Koh Mun Yen
COEXISTENCE | Inhabitable Infrastructure : From Farm to Fork
Thesis supervisor: Mr. Neo Sei Hwa
Whilst Singapore celebrates itself as Asia’s food mecca, in reality, the city struggles to recognise and resolves an ever-growing body of food issues. It is widely understood that the movement of food into and around the city determines the quality of the urban environment and urban life. However, the invisibility of the food supply and distribution has led to the accumulation of food waste. Similar to many affluent cities, the nation has an insatiable appetite for consumption and has remained relatively unconcerned about its vicious resource-to-waste conversion cycle. In particular, the detrimental impacts of food waste generated has remained largely unfelt as it is mostly concealed from the public’s line-of-sight.
The thesis offers an exploration of a sustainable and integrated system of food production, processing, distribution, marketing, consumption and waste management in an urban landscape. It will potentially address not only the social issue of an urban dweller’s relationship with waste, but the issue of how a city can support itself, by acting as a catalyst in providing a reliable and sustainable food source for the community while responding to the social and cultural aspects in the way food waste is viewed.

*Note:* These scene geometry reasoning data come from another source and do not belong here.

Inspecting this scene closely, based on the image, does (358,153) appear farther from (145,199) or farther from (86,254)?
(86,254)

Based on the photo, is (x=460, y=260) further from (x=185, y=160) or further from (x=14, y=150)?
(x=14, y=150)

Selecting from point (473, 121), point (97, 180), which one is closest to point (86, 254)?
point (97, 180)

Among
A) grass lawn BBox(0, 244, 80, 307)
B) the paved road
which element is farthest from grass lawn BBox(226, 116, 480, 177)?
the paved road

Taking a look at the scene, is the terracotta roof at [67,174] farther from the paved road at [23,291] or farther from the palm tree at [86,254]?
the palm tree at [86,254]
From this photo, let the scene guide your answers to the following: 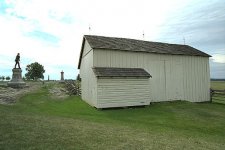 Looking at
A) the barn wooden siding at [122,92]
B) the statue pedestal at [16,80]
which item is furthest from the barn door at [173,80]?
the statue pedestal at [16,80]

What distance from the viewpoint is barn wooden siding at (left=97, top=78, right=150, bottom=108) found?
61.3 ft

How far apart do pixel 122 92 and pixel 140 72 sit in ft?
9.45

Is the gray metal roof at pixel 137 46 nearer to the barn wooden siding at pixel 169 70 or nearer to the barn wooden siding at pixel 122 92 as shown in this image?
the barn wooden siding at pixel 169 70

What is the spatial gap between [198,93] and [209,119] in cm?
1119

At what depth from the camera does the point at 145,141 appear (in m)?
8.91

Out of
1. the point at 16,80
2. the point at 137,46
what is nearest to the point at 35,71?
the point at 16,80

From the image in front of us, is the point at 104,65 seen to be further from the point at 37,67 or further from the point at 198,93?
the point at 37,67

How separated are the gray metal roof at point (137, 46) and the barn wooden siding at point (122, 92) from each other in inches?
138

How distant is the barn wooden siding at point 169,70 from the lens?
21500mm

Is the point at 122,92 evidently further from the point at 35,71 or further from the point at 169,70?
the point at 35,71

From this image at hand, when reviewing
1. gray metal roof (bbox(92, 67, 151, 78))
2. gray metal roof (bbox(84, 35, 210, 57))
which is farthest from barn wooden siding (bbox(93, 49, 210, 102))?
gray metal roof (bbox(92, 67, 151, 78))

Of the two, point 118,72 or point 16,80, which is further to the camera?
point 16,80

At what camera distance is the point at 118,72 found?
65.4ft

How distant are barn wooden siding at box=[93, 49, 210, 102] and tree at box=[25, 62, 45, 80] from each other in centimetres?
7181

Urban Agriculture Infrastructure
To create an urban agriculture infrastructure in Singapore that will ensure the food security in some of our fish and vegetables supply. This is especially crucial given the challenges of the global food supply and the limited habitable land area in our country. More often than not, through the experimentation of the design on the highway, it helps to bring the food system close to the heart of our culture and society while engaging the everyday user with food production to participate in Co-Producing, Collaborating and Co-Consuming.
Singapore At A Glance
The thesis proposes the integration of cultivated land within an urban economic context. Given the limited inhabitable land in Singapore due to our dense population, mixed uses within a single building or even maximised land usages can be seen across the island. However, study has shown that elevated highways or roads which are single land usages take up approximately 12% of Singapore’s total land area, as compared to housing at 14%.
Designed around active mobility and public transportation, the intervention’s expansive nature fosters a new urban experience. The design proposes a pedestrian network system as a prototype for food production by taking advantage of the space above the street to create an elevated ‘park’ and generate a new quality for the people while cultivating and producing food.